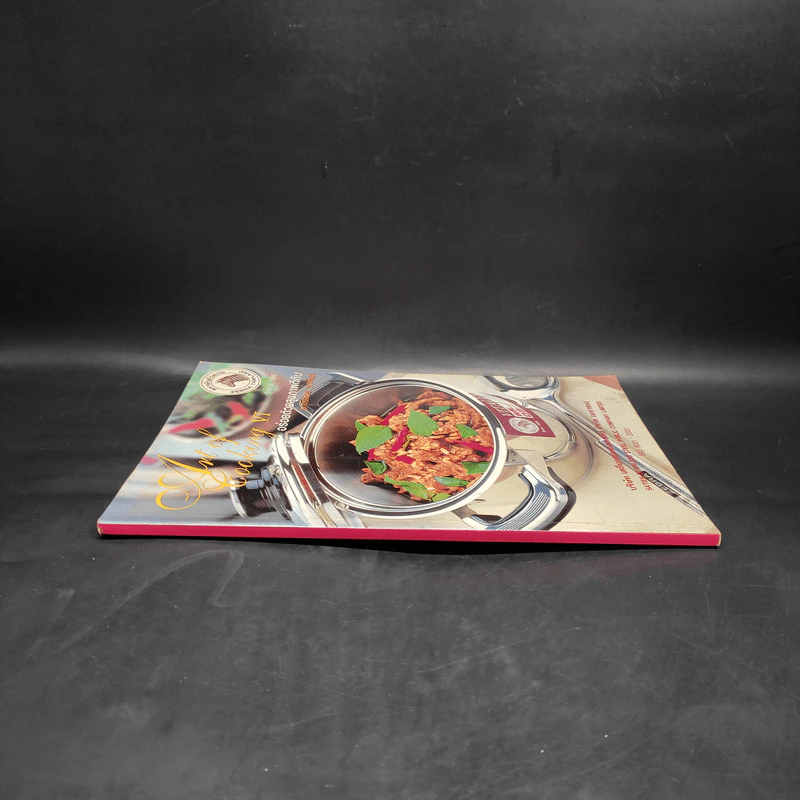 Art of Cooking VI อร่อยด้วยสุขภาพดีกับ อ.ศรีสมร คงพันธุ์ รูปที่ 3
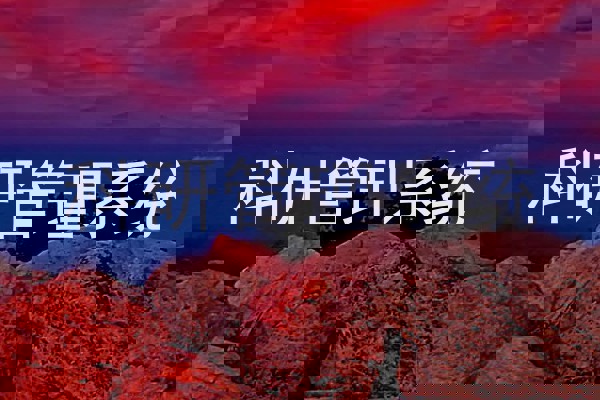 科研管理系统
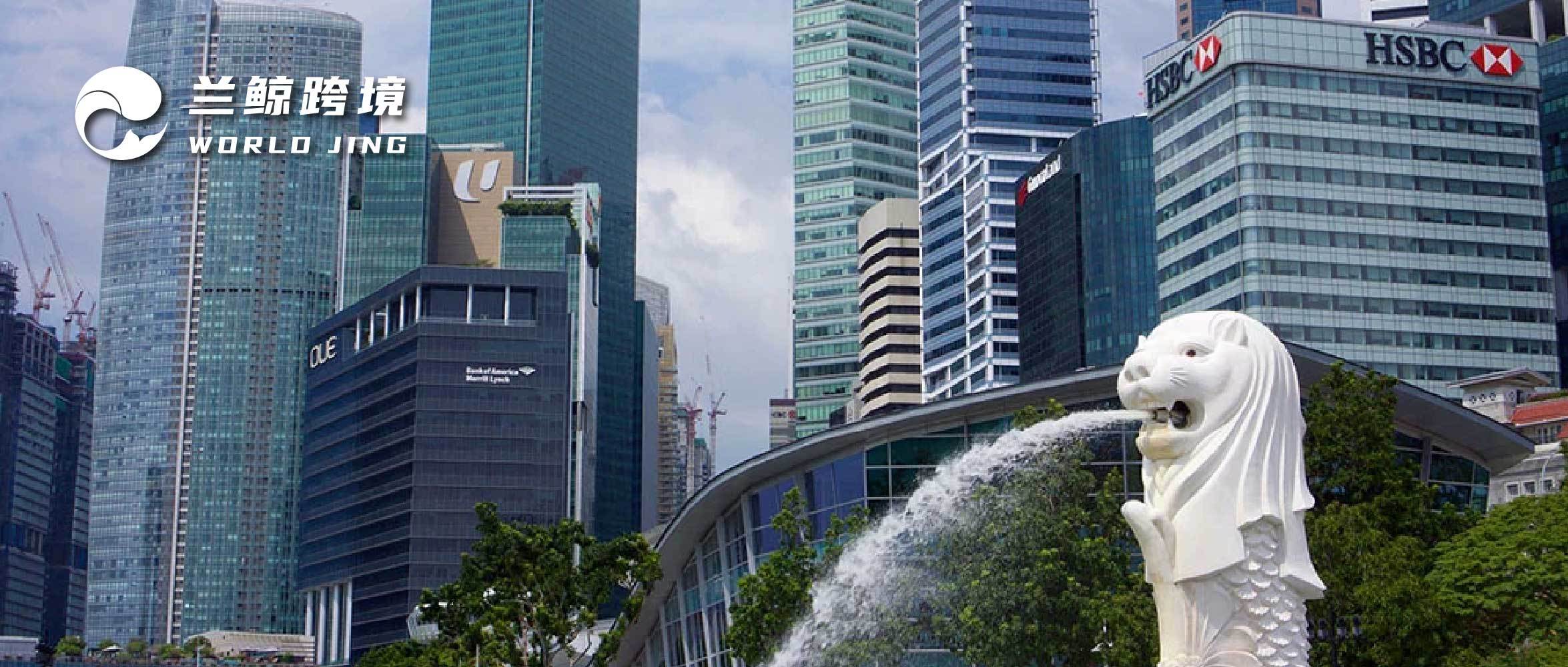 新加坡地位超香港？新加坡会替代香港成为离岸公司注册新选择吗？_搜狐网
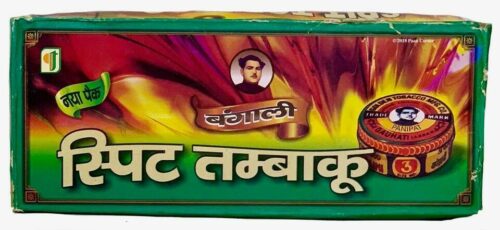 BIJLI KHAINI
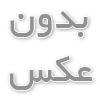 چای سفید چه ویژگی‌هایی دارد که آن را از سایر چای‌ها متمایز می‌کند؟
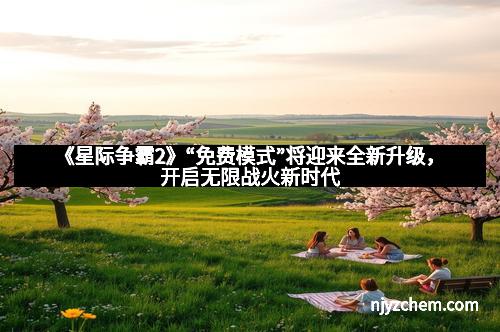 《星际争霸2》“免费模式”将迎来全新升级，开启无限战火新时代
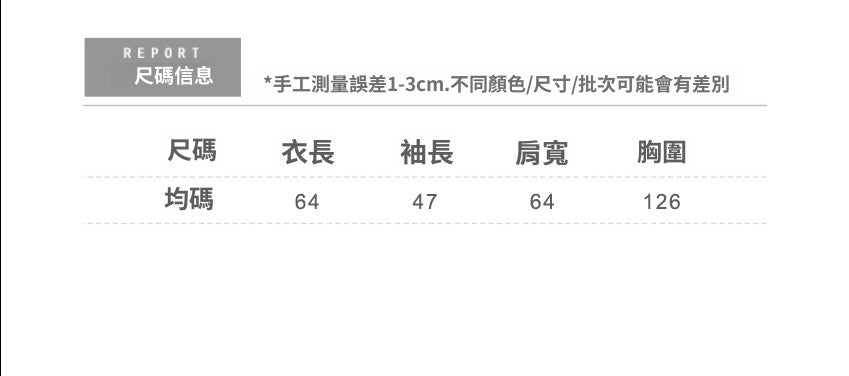 📺︎︎ CGD3239-56B 秋冬韓版寬鬆連帽口袋北極絨針織衫長袖毛衣(3色)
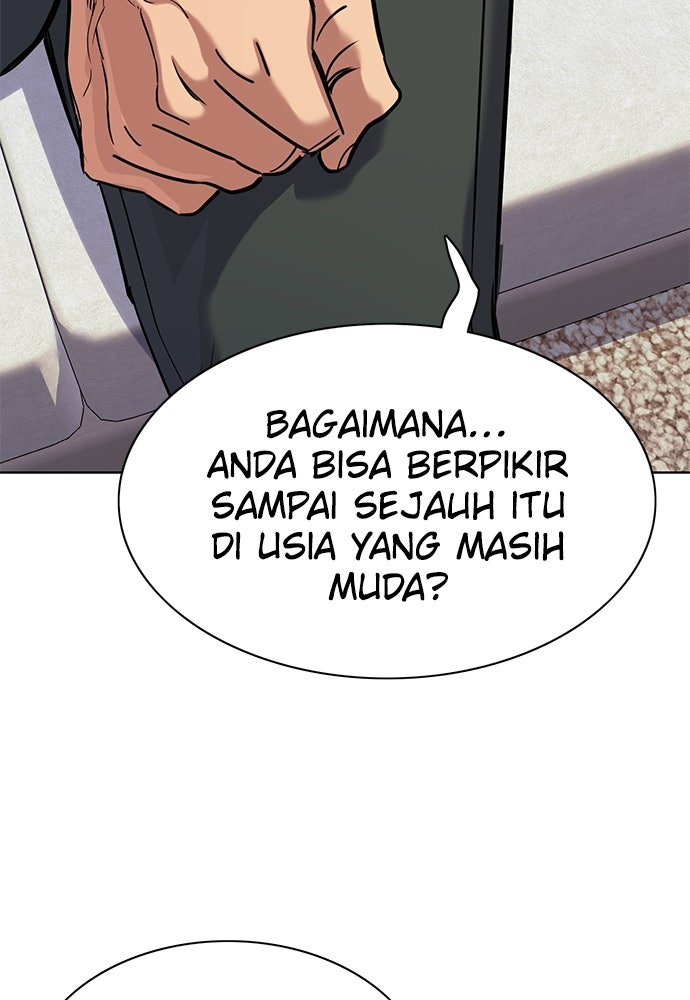 Read Reborn Rich ID Manga Online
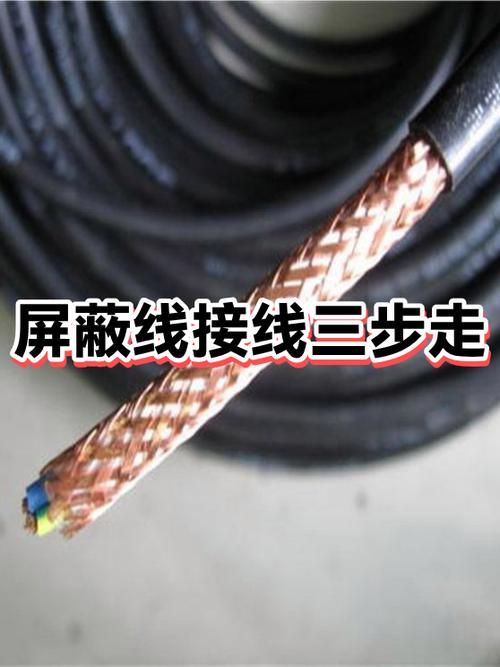 屏蔽线中间能接头吗游戏截图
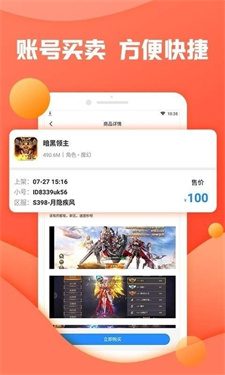 灵猫游戏盒子(2)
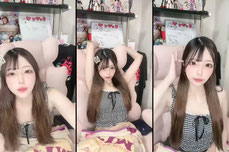 みつけて。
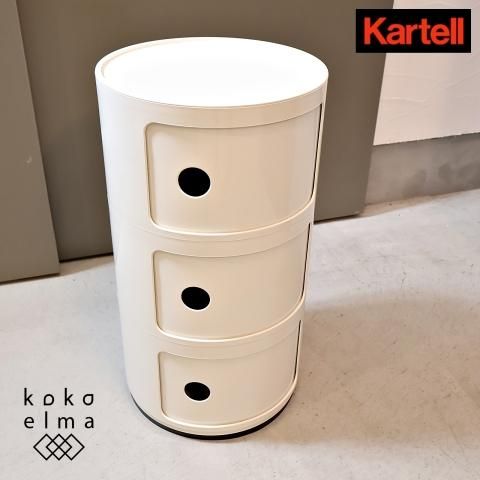イタリアのメーカーKartell(カルテル)社の人気の定番商品 イタリアのメーカーKartell(カルテル)社の人気の定番商品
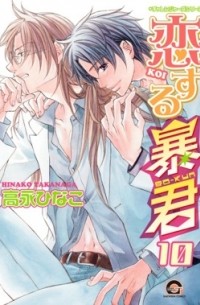 恋する暴君 10 / Koisuru Boukun 10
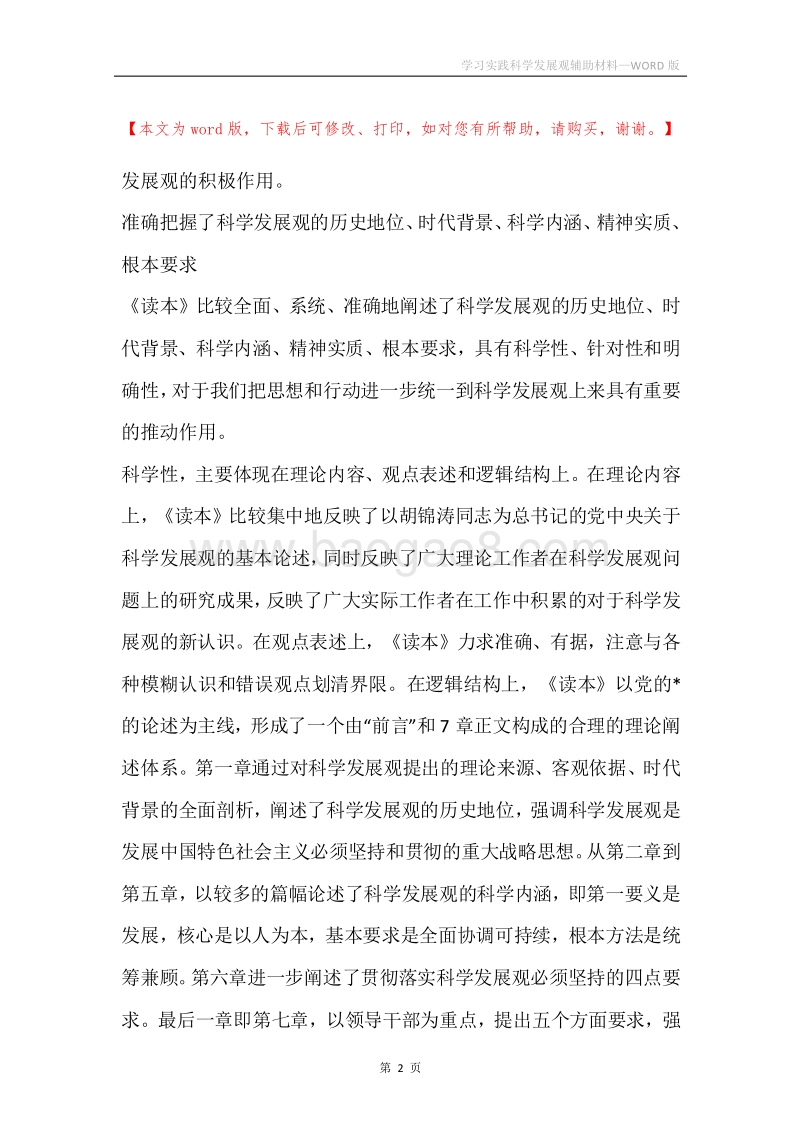 学习实践科学发展观辅助材料.docx_第2页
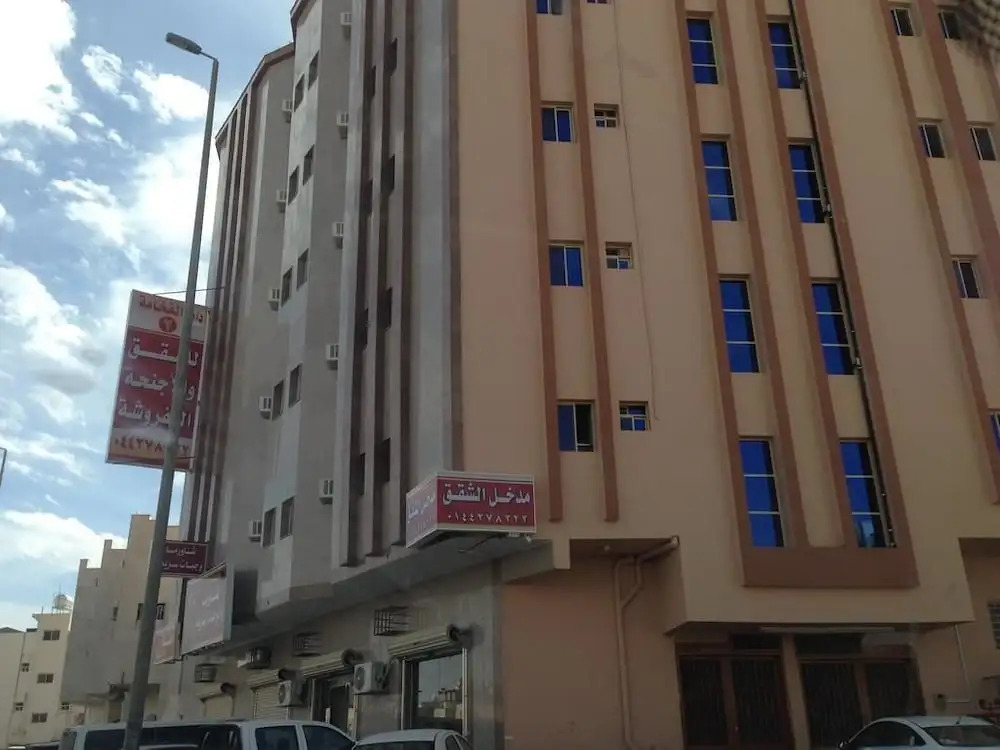 Danat Alfakhamah 2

# EXERCISE
Transcribe the records in full and exactly. Pictures stay out.

# ANSWER
 Art of Cooking VI อร่อยด้วยสุขภาพดีกับ อ.ศรีสมร คงพันธุ์ รูปที่ 3
 科研管理系统
 新加坡地位超香港？新加坡会替代香港成为离岸公司注册新选择吗？_搜狐网
 BIJLI KHAINI
 چای سفید چه ویژگی‌هایی دارد که آن را از سایر چای‌ها متمایز می‌کند؟
 《星际争霸2》“免费模式”将迎来全新升级，开启无限战火新时代
 📺︎︎ CGD3239-56B 秋冬韓版寬鬆連帽口袋北極絨針織衫長袖毛衣(3色)
 Read Reborn Rich ID Manga Online
 屏蔽线中间能接头吗游戏截图
 灵猫游戏盒子(2)
 みつけて。
イタリアのメーカーKartell(カルテル)社の人気の定番商品 イタリアのメーカーKartell(カルテル)社の人気の定番商品
 恋する暴君 10 / Koisuru Boukun 10
 学习实践科学发展观辅助材料.docx_第2页
 Danat Alfakhamah 2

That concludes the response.